Karl Sanford, application developer at OST, demonstrates the HoloLens mixed reality technology. Courtesy OST
Open Systems Technologies (OST) has a giant rocket ship and a purring orange cat sitting in its lobby.
These 3-D objects hover in the air and can be relocated around the room thanks to Microsoft’s HoloLens, a mixed reality headset OST has been testing for the past couple of months.
Mixed reality takes virtual reality technology to the next level by bringing digital objects into the physical environment, “bridging the physical and digital world.”
Karl Sanford, application developer at OST, explained the difference between virtual reality technology and mixed reality technology.
“VR is a technology that allows you to explore and interact with an entirely computer generated 3-D environment. It is an immersive experience that has seen a lot of enthusiasm with advances in technology. Similarly, mixed reality can view and interact with 3-D objects, but different from VR, objects come into your physical space as a hologram.”
Sanford said in the future with mixed reality technology, “you could be working on your actual car, while a 3-D mechanic could diagnose the car and show you how to fix it.”
Sanford said though it is not the only product on the market, HoloLens is leading the pack right now because it is the only system that is untethered.
While HoloLens still needs further iterations before it will be ready to change the world of manufacturing (and many other industries) as we know it, Sanford said there are plenty of ways he sees the technology being used already and several other future applications that are likely.
“A big area that some people are using it for is warehousing, specifically way finding,” Sanford said. “If you are a picker in a warehouse and you have a pick list, because the HoloLens isn’t tethered to a machine, you can go anywhere, and it’s aware of your surroundings.
“You could have a way-finding path that shows up in front of you that you follow to pick these things. It guides your path.”
Sanford said mixed reality also presents faster and more efficient opportunities for rapid prototyping, which currently relies on 3-D printing and VR, both of which have limitations mixed reality can overcome.
“If you have two people wearing HoloLenses you can share an experience of a rapidly prototyped 3-D image and actually have it appear in front of you. Mike (Lomonaco) and I could both be wearing them and see the same thing and be interacting with the same 3-D image through gestures and voice, versus 3-D printing, where you have to wait for it.”
Sanford said the area of diagnostics also will likely benefit from mixed reality. He said a HoloLens use case involving elevator repair shows some of the potential.
“If there is an issue with the elevator, it could alert a service technician — possibly across the country — and that person could get the data (from the elevator) streamed into a HoloLens. On their table in front of them, that person could see a 3-D representation of that actual thing, and integrating that sensor information from a real world elevator, they can then start to look at and diagnose a problem remotely before getting on site to help with diagnostics.”
Another possibility involves the construction industry. With the HoloLens, one person could walk around a construction space and leave notes via the HoloLens for a coworker, who could later put on the HoloLens and tour the space, finding all of the notes that need attention.
Seeing the notes in the actual locations in need of attention provides a much more contextual experience than seeing the notes listed on a tablet screen, he said.
Health care is another space where mixed reality technology is being explored. Case Western Reserve University did a use-case study involving anatomy education, Sanford said.
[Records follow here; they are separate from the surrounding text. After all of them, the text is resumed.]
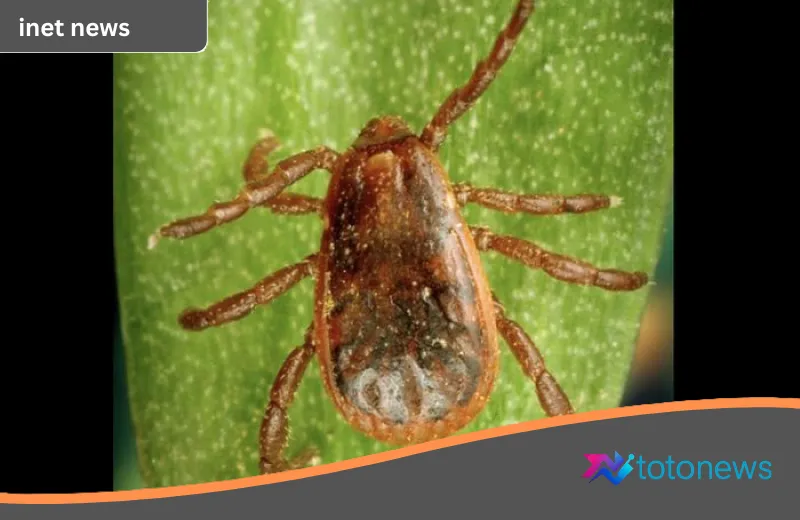 Misteri Mahluk Pengisap Darah yang Viral di Threads: Inilah Penjelasan Ahli Biologi Mengenai Ancaman di Balik Gigitan Caplak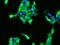 Calcyclin-binding protein antibody, GTX02190, GeneTex, Immunofluorescence image 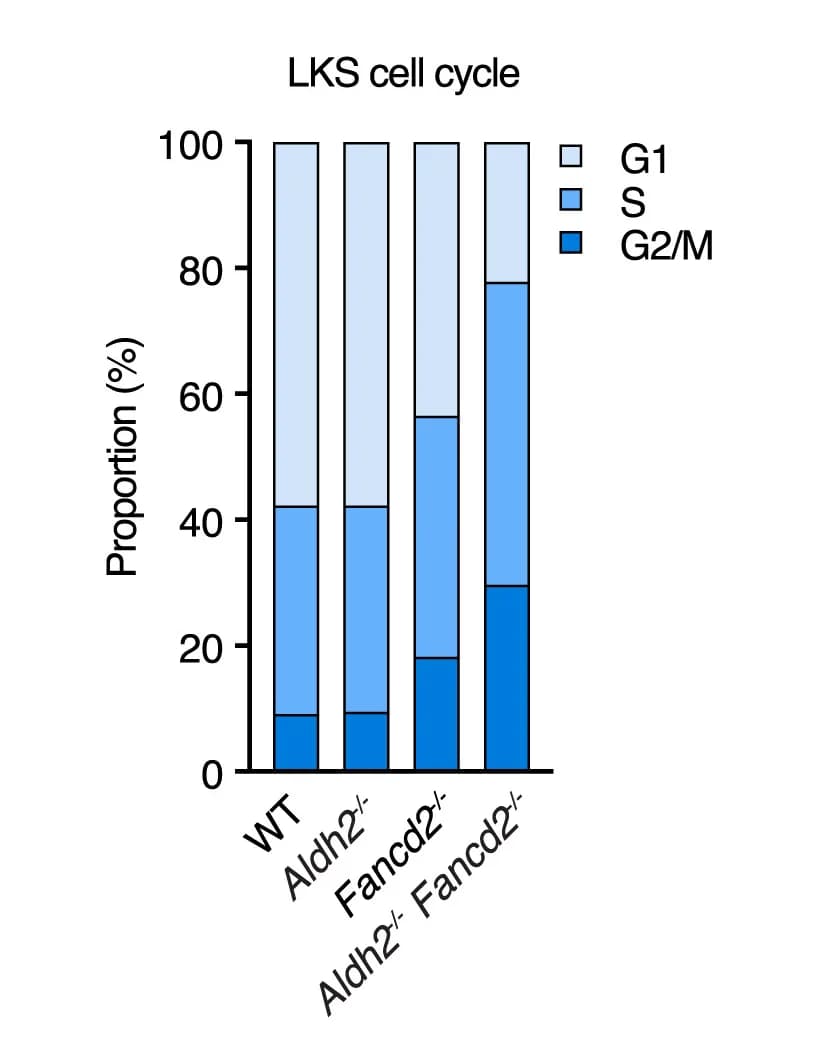Open access visualization of Stacked Bar Plot, LKS Cells, Cell-Cycle Phases, Transcriptome Profile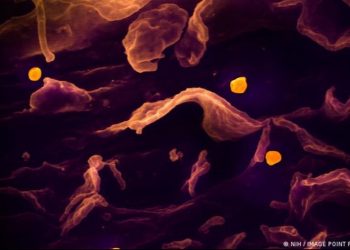 Descubren 35 casos de un nuevo virus de origen animal en China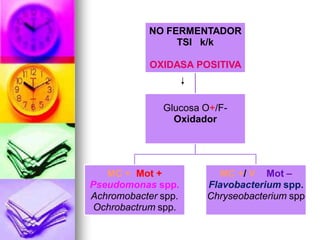 NO FERMENTADOR
                TSI k/k

            OXIDASA POSITIVA



              Glucosa O+/F-
                Oxidador




   MC + Mot +            MC +/ V Mot –
Pseudomonas spp.      Flavobacterium spp.
Achromobacter spp.    Chryseobacterium spp
 Ochrobactrum spp.
 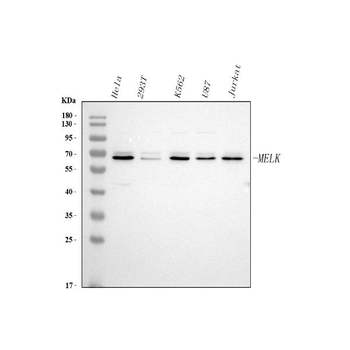 Anti-MELK Antibody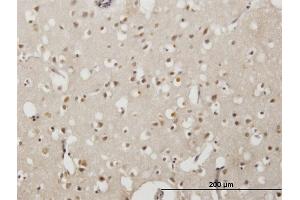 Immunoperoxidase of monoclonal antibody to EMX2 on formalin-fixed paraffin-embedded human cerebral cortex. (EMX2 Antikörper  (AA 103-200))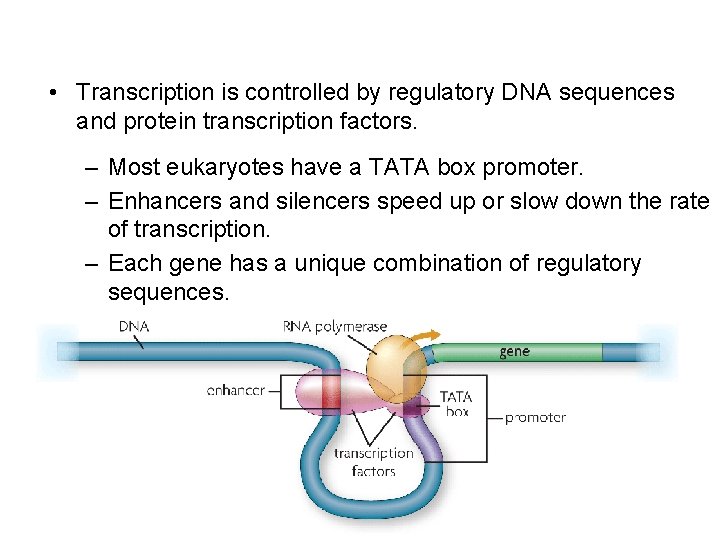 • Transcription is controlled by regulatory DNA sequences and protein transcription factors. –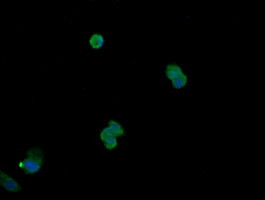 MAPK13 Antibody in Immunocytochemistry (ICC/IF)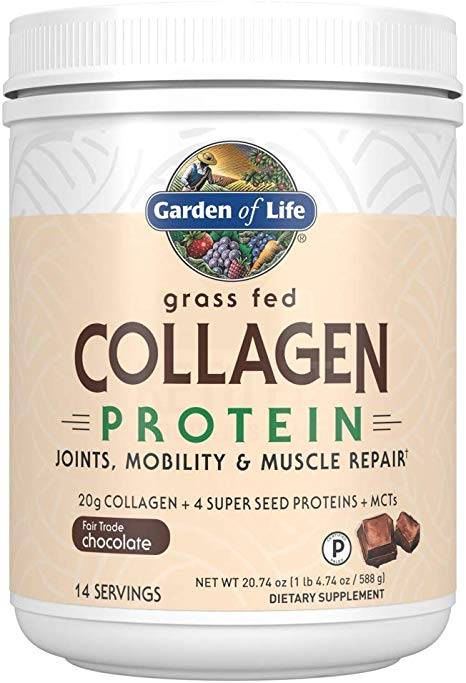 Garden of Life - Grass Fed Collagen Protein Powder, Chocolate - 20.74
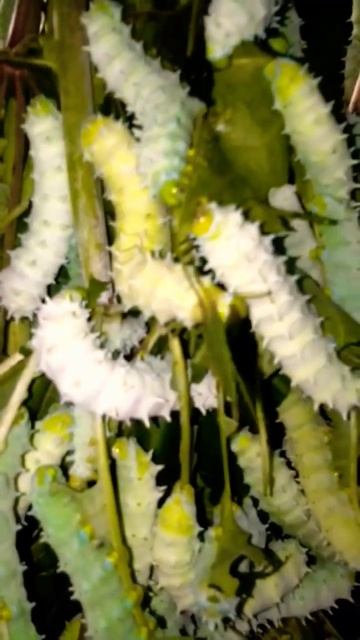 Silkworm//পলু #silkworm #shorts #youtubeshorts #viral смотреть онлайн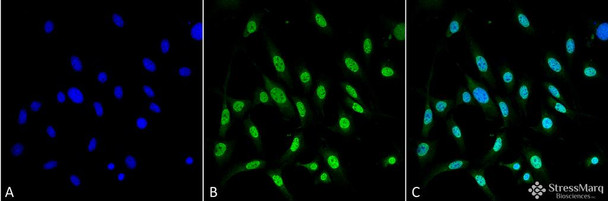 Immunocytochemistry/Immunofluorescence analysis using Mouse Anti-GRP78 Monoclonal Antibody, Clone 3C5-1A4 (STMA00062). Tissue: Fibroblast cell line (NIH 3T3). Species: Mouse. Fixation: 4% Formaldehyde for 15 min at RT. Primary Antibody: Mouse Anti-GRP78 Monoclonal Antibody (STMA00062) at 1:100 for 60 min at RT. Secondary Antibody: Goat Anti-Mouse ATTO 488 at 1:100 for 60 min at RT. Counterstain: DAPI (blue) nuclear stain at 1:5000 for 5 min RT.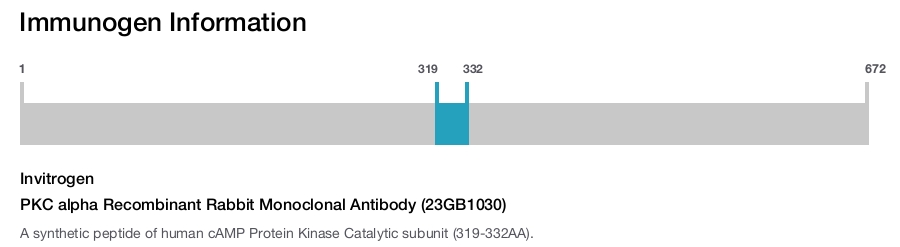 PKC alpha Recombinant Rabbit Monoclonal Antibody (23GB1030)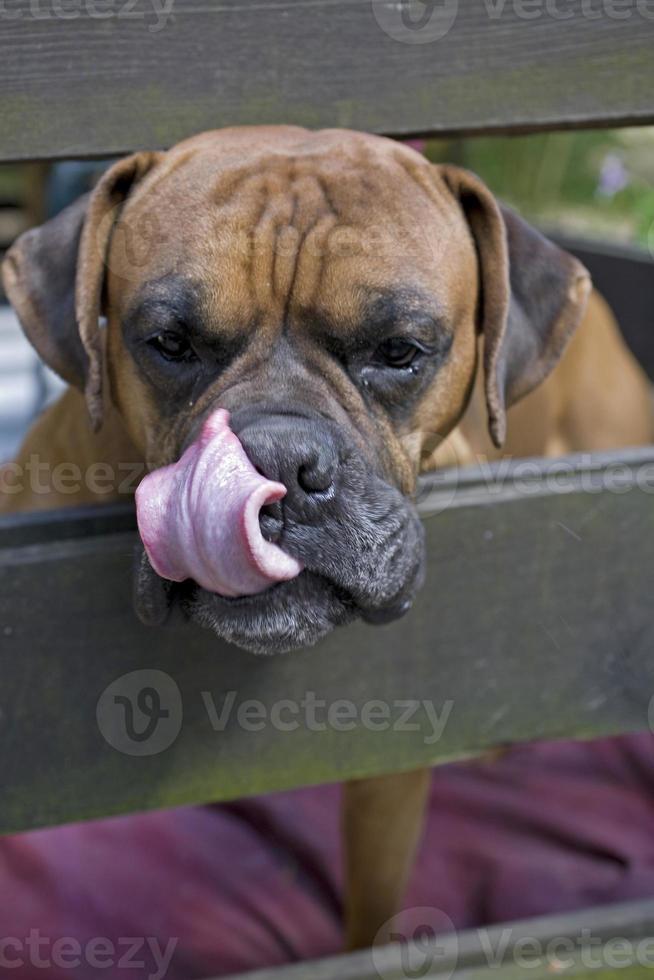 brun huvud hund uppfödare boxare ser genom en trä- staket foto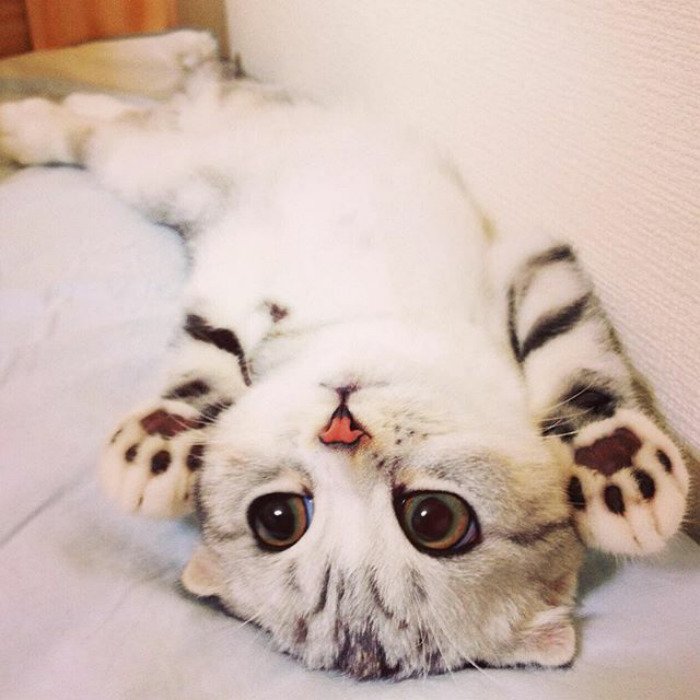 Instagram, viral, cute, japan, japanese, hana cat, big eye cat, scottish fold cat, hana instagram cat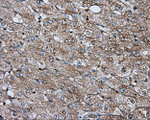 BSG Antibody in Immunohistochemistry (Paraffin) (IHC (P))
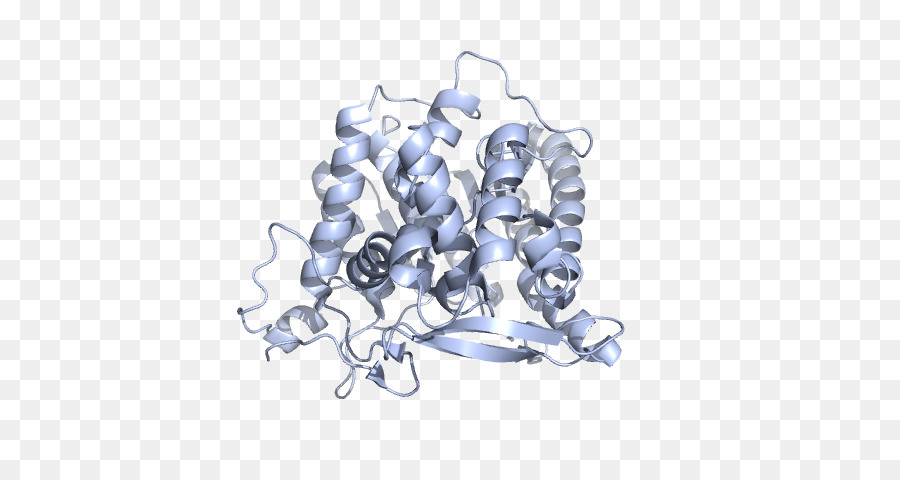 Protein Yapısı，Molekül PNG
“Rather than a cadaver lab, you could create a 3-D body with as much detail as you want. Students could wear HoloLenses and have a shared experience looking at this model and being able to manipulate it, look at different layers and not have to go do a cadaver lab,” Sanford said.
Right now, with a starting price of $3,000, the HoloLens is out of reach for many every day consumers, but it’s a steal for manufacturers and businesses with strong R&D budgets, which is one reason Sanford believes the industrial and commercial sectors are starting to invest in the new technology and test its capabilities.
“Because this is so new, tech people are still figuring out how to use it effectively,” Sanford said. “How do we create an intuitive menu for people to play with and manipulate things, and how do we represent that well and usefully?
“There is a lot of experimenting right now and rapidly iterating around those design concepts to try to find that out. The people getting into it right now are framing the user experience and setting.”
But as the technology develops, Sanford believes there isn’t an industry it won’t touch. He talked about health care applications, including telemedicine, home entertainment possibilities and retail experiences as just a few other examples of where he sees this technology beginning to permeate.
“Microsoft is committed to 3-D, not just the HoloLens,” he said. “They see it as the future of computing. They are trying to position themselves to get consumers on board. As that initiative moves forward, expect to see some interesting and compelling user applications.”